C’est aussi un « métier » dans le sens d’une vie attachée à pratiquer cette activité spécifique, au regard d’un savoir-faire nécessaire, d’une compétence acquise et de préférence toujours approfondie. Originalité de ce métier, il est associé traditionnellement à l’idée d’une vocation. On ne s’auto-proclame pas pasteur, on est appelé à un service, ou, pour nuancer, on répond à une vocation. Le grand mot est lâché ! Or, c’est ce principe d’une vocation qui, parfois, pour certains, trouble la décision de prendre sa retraite.
De la vocation au service
Tentons de préciser ce qui se profile derrière ce principe de la vocation. Chaque vécu est différent en ses modalités. Pour moi, tout commença au milieu d’une adolescence secouée par l’Évangile, éprouvant presque simultanément le choc d’une conversion et le surgissement de ce sentiment d’un nouvel horizon, ce qui, rétrospectivement, sera reconnu comme « vocation ». Conversion et vocation furent deux ondes consécutives d’une même expérience du Christ Jésus. Pour d’autres, cette vocation s’est manifestée d’abord par une suggestion amicale, pastorale : « N’as-tu jamais envisagé de devenir pasteur ? » Qu’importent les modalités : à un moment, il y eut vocation. Cet inattendu surprenant, ce surgissement en soi d’une pensée jamais envisagée, voire sur laquelle il est même parfois difficile d’expliciter ce qui se profilait : devenir pasteur(3). Ce terme de vocation se partage avec d’autres professions : les médecins, les enseignants, les artistes.

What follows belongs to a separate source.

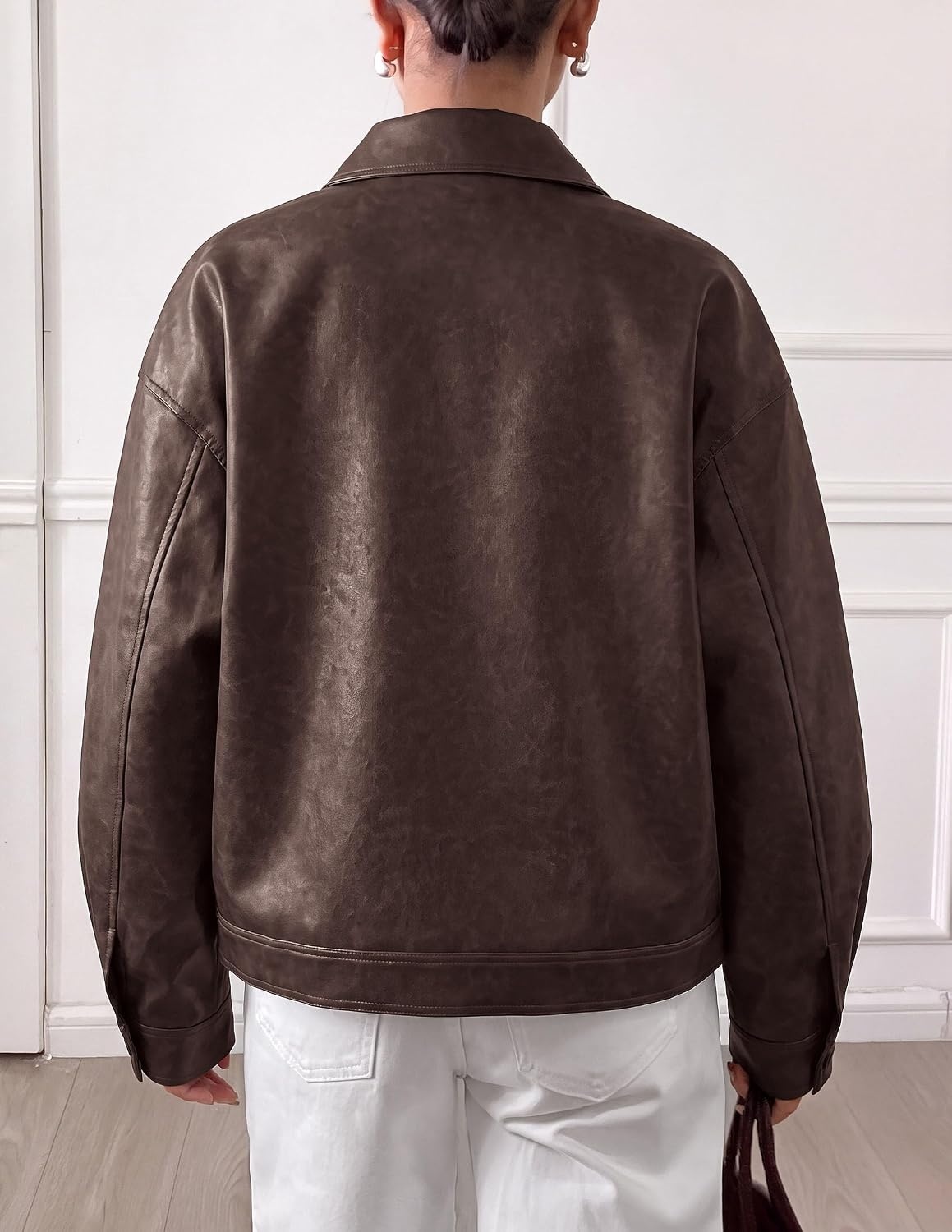 image:imagePRETTYGARDEN Womens Faux Leather Oversized Motorcycle JacketsCoffee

Il souligne un engagement exclusif en une sorte de « mission » ; une disponibilité totale envers elle ; ce point où il n’est plus imaginable que leur vie ait été autrement, une vie se consacrant aux malades, aux élèves, à l’art… à la transmission de l’Évangile. Vocation, en ce sens général, évoque un engagement ne résultant pas des hasards de l’existence ; comme une obéissance à une nécessité intérieure, le don de soi à… Une perspective de vie s’impose à soi, voire pour certains s’impose contre soi, contre désirs et projets, avant qu’en advienne l’acquiescement à la vocation.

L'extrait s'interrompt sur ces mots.